When I read John Parry's column, I had hoped for some new perspective on the Iraq crisis but, alas, Mr Parry is content to parrot whatever line he is fed by the Government's spin doctors.

I looked in vain for some acknowledgement of the crucial role played by the UK and the US in installing and sustaining Saddam Hussein over the years. Again, no - the crusading Mr Parry was to disappoint me once more.

There is no dispute that Saddam Hussein is a murderous tyrant but what makes him different from all the murderous tyrants the US has supported over the years in Latin America, Africa and Asia?

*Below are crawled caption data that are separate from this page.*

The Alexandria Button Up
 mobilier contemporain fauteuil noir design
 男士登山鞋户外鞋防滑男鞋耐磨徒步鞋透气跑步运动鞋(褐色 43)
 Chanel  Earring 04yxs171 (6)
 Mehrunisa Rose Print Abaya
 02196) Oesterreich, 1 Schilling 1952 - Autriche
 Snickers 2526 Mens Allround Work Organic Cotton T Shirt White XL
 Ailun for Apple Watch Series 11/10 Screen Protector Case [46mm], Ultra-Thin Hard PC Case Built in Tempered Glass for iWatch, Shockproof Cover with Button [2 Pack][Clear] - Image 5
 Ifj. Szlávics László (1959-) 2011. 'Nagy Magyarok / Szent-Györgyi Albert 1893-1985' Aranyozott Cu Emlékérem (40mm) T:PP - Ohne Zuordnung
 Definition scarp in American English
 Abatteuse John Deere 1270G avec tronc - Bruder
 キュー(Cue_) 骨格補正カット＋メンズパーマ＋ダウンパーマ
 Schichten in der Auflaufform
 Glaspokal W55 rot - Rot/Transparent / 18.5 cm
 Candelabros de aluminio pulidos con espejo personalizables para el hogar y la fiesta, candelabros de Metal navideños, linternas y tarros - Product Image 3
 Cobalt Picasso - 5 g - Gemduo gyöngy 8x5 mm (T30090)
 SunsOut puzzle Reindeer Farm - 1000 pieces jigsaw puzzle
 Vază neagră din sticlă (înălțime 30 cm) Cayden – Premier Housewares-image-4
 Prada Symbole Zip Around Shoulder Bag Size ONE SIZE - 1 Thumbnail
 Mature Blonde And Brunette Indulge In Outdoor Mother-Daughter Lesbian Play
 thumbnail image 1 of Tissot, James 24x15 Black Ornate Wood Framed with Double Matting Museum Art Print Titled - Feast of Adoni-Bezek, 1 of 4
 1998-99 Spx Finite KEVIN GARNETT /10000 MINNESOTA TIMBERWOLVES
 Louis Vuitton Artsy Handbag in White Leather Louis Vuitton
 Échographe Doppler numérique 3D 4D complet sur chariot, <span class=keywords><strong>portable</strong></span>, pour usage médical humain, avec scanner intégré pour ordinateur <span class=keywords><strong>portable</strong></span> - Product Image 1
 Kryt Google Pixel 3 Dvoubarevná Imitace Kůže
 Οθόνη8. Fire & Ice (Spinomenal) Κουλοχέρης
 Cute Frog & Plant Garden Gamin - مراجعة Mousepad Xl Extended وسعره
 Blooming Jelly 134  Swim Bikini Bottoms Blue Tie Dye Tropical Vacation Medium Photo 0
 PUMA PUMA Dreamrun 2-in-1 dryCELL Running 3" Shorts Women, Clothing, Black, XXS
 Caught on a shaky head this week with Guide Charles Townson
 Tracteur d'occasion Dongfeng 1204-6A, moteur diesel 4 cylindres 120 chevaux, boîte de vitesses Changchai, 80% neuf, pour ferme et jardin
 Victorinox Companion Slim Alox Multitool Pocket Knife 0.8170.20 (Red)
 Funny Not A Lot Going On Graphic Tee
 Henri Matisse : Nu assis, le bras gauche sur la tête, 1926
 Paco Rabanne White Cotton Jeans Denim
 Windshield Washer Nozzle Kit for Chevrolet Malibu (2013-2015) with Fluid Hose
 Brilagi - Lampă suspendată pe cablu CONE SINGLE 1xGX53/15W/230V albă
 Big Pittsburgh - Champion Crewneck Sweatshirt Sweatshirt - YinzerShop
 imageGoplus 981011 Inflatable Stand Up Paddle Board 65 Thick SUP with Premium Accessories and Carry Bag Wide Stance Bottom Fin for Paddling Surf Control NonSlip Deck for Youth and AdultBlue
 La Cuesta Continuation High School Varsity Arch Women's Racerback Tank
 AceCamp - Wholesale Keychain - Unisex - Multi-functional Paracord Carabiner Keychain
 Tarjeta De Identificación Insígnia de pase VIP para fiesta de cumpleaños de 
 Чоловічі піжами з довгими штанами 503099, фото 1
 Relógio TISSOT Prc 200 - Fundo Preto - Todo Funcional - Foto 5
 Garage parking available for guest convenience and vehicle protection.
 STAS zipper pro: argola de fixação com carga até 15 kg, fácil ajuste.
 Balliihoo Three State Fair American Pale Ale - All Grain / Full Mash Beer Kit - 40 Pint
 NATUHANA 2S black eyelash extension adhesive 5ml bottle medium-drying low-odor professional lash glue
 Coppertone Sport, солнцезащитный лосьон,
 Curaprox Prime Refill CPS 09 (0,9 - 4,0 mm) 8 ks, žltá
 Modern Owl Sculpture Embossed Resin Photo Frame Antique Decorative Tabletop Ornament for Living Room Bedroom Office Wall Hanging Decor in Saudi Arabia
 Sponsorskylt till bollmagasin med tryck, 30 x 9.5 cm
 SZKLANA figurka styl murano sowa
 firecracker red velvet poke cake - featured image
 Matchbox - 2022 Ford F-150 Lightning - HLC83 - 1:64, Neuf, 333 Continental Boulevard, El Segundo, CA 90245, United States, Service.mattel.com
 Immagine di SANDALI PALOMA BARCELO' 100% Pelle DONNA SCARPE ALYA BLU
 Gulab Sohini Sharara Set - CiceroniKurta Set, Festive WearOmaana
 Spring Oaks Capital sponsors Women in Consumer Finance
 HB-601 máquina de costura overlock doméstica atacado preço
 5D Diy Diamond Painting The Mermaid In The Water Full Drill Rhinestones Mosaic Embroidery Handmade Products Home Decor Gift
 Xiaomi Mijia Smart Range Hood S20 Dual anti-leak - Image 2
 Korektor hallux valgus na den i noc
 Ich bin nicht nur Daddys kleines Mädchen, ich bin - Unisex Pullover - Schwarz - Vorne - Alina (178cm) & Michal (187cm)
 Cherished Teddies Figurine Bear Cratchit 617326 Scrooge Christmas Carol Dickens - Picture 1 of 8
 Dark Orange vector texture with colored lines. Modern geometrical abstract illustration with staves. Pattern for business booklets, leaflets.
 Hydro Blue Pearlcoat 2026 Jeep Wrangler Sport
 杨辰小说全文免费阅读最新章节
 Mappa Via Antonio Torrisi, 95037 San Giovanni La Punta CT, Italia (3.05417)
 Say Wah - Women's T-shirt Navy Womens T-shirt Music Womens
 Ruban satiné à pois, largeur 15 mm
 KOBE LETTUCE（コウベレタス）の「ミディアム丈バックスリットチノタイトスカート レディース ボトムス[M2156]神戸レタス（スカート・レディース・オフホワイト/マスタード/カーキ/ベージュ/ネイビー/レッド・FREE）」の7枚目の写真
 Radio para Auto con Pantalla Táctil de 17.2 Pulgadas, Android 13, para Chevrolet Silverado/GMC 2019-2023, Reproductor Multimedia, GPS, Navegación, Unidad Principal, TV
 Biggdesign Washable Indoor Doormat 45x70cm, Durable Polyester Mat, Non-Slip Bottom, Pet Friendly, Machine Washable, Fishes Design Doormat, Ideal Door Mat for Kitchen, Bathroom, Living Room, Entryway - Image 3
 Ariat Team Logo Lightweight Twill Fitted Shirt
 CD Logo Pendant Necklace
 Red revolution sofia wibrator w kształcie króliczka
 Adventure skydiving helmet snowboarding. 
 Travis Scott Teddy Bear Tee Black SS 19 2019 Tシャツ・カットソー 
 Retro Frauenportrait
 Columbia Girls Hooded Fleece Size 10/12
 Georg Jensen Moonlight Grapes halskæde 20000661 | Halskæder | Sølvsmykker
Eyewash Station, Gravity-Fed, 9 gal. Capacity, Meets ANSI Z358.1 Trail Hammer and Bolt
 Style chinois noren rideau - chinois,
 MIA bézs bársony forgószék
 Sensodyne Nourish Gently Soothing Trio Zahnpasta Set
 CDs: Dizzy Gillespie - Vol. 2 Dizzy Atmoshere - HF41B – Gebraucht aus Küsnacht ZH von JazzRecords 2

How different is he from the man he was when the US installed him as Iraqi leader, after helping him depose his democratically elected predecessor who had the temerity to nationalise his country's oil resources so he could put them to work for the good of his people - something American big business could never allow?

In Iran, the US preferred the authoritarian Shah and helped him depose another progressive democrat, again to secure oil profits.

When these two countries went to war in the Eighties, US corporations enjoyed another bonanza by selling arms to both sides.

Mr Parry expresses shock that Saddam used poison gas as a weapon in that war but presumably this is what the UK and US assumed he would do when they sold him the ingredients in the first place.

The majority of people recognise that a war on Iraq will simply increase the suffering of the Iraqi people and risk a huge escalation of conflict in the Middle East.

They are rightly sceptical of George Bush's motives in trying to lead us by the nose into such a conflict.

What a pity Mr Parry's own journalistic scepticism has deserted him at such a crucial time.